[Data provided — start]

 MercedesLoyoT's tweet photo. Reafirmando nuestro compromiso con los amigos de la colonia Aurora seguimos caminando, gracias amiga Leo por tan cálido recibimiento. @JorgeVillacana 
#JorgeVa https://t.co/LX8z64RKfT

[Data provided — finish]
[Data provided — start]

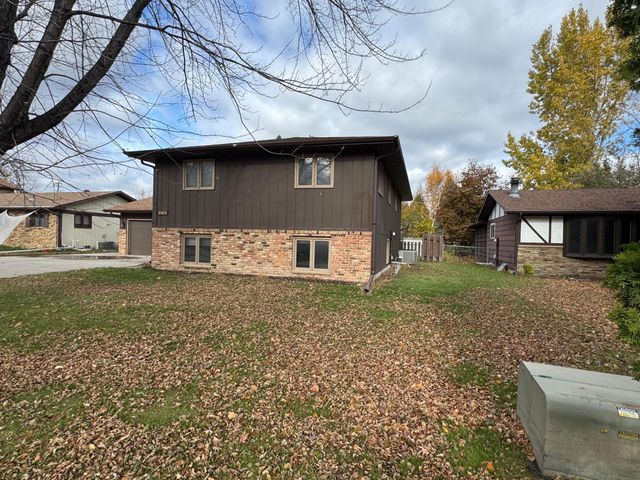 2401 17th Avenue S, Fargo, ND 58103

[Data provided — finish]
[Data provided — start]

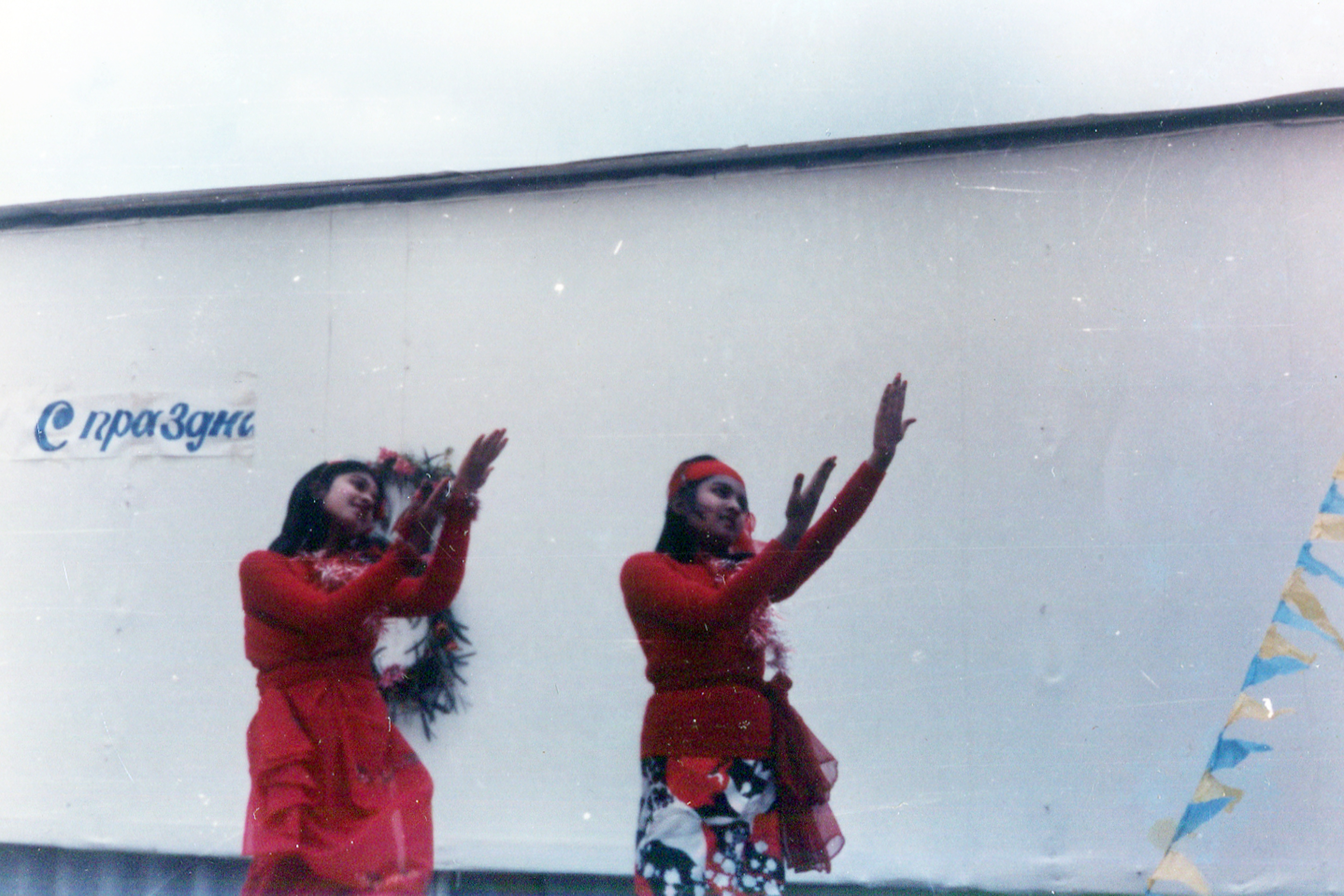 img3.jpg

[Data provided — finish]

» **Problem statement**
Could you set down, exactly as written, the lines above between the one holding "MercedesLoyoT's tweet photo." and the one holding "#JorgeVa https://t.co/LX8z64RKfT", inclusive, and nothing more?

» **Response to the exercise**
 MercedesLoyoT's tweet photo. Reafirmando nuestro compromiso con los amigos de la colonia Aurora seguimos caminando, gracias amiga Leo por tan cálido recibimiento. @JorgeVillacana 
#JorgeVa https://t.co/LX8z64RKfT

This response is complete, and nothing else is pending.